*Required work*:
Please retype exactly the lines from the one containing "Валентин П. о компании Строй-Крж" through the end of the records, leaving out the pictures.

*Short text fragments from websites*:
Start of Block
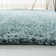 Lakely Solid Colour Hand Woven Area Rug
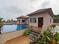 Charan Sandal Gardens Plot View 2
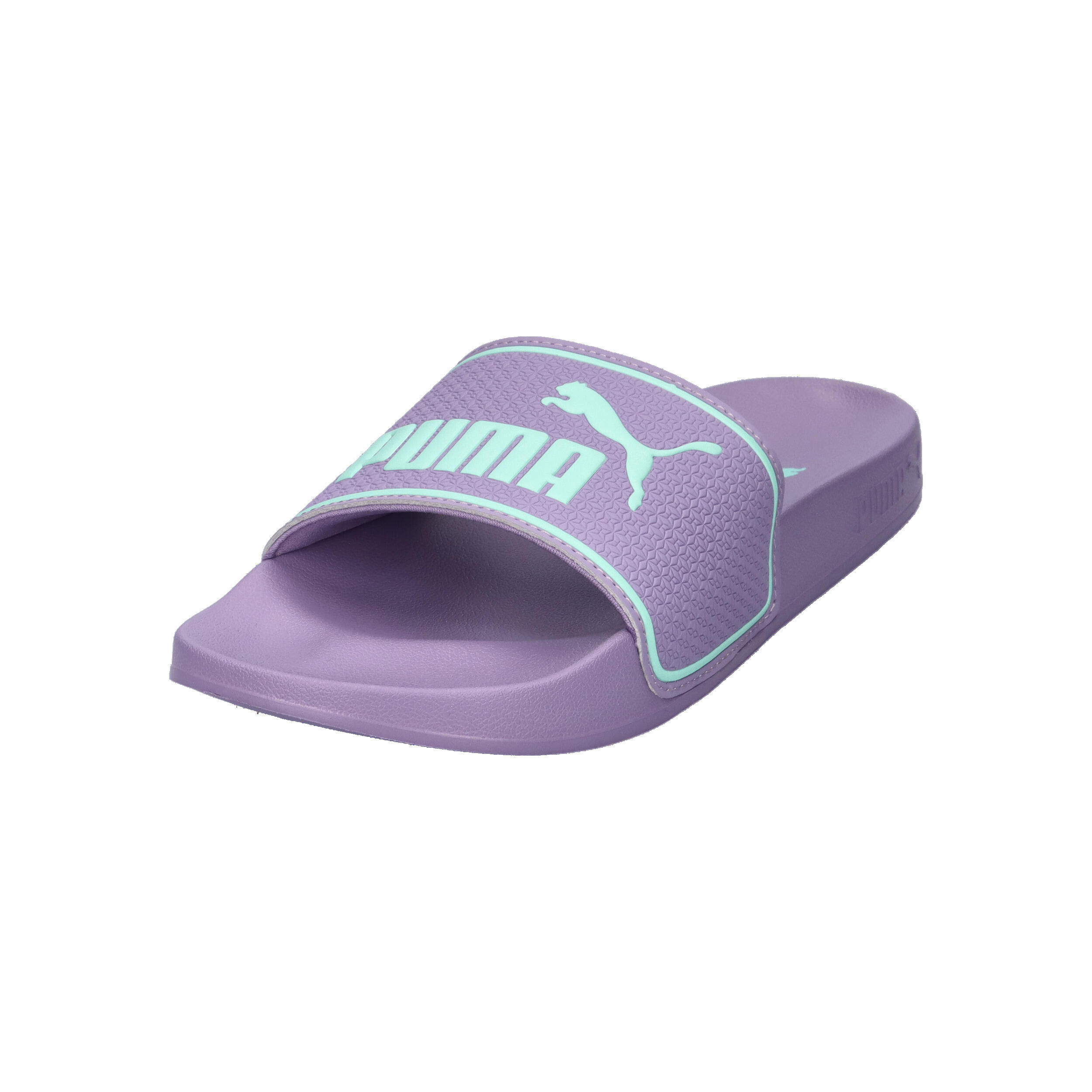 Puma Ciabatte Leadcat 2.0 Donna 9/10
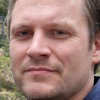 Валентин П. о компании Строй-Крж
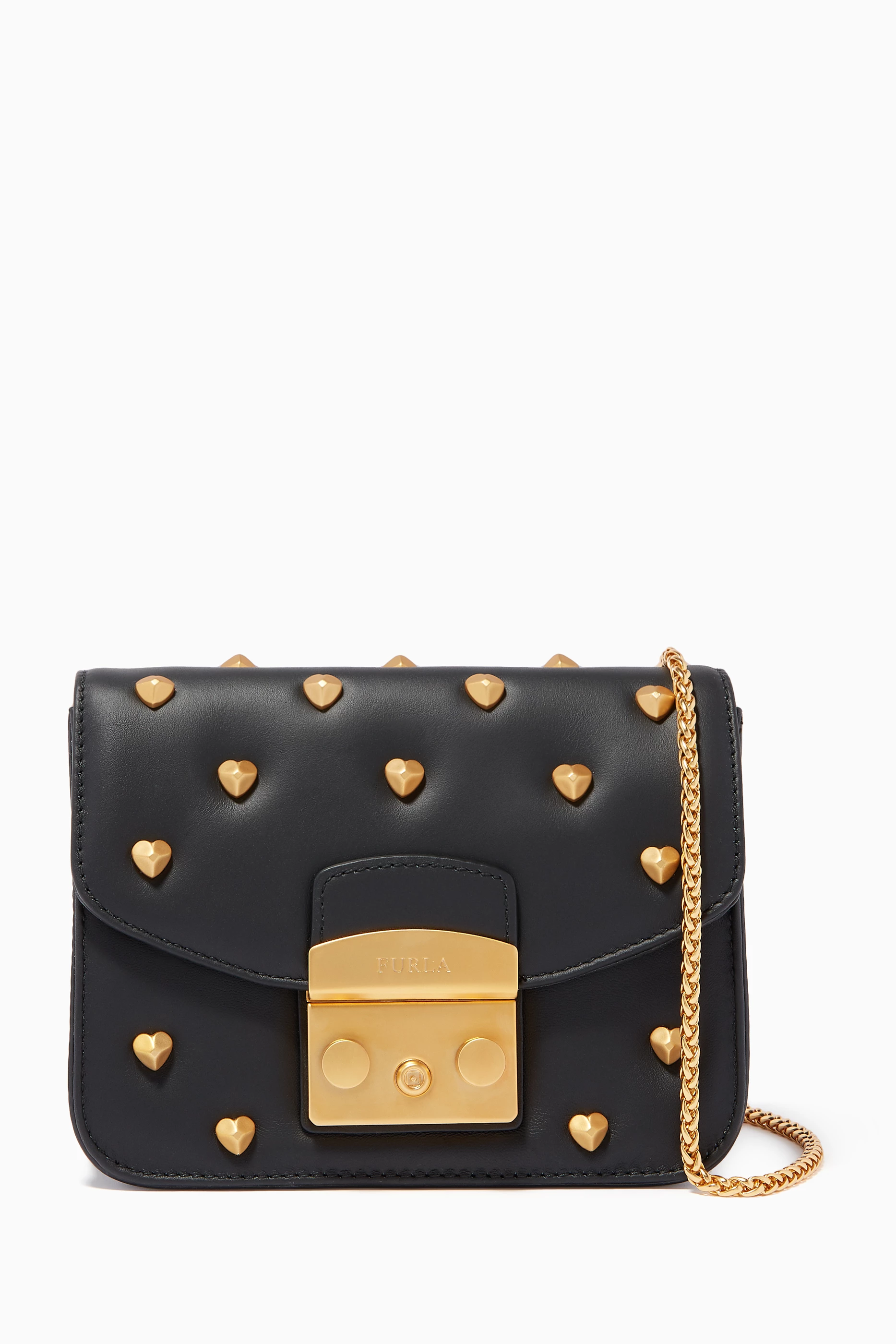 Furla metropolis clearance amoris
End of Block
*Answer box*:
 Валентин П. о компании Строй-Крж
 Furla metropolis clearance amoris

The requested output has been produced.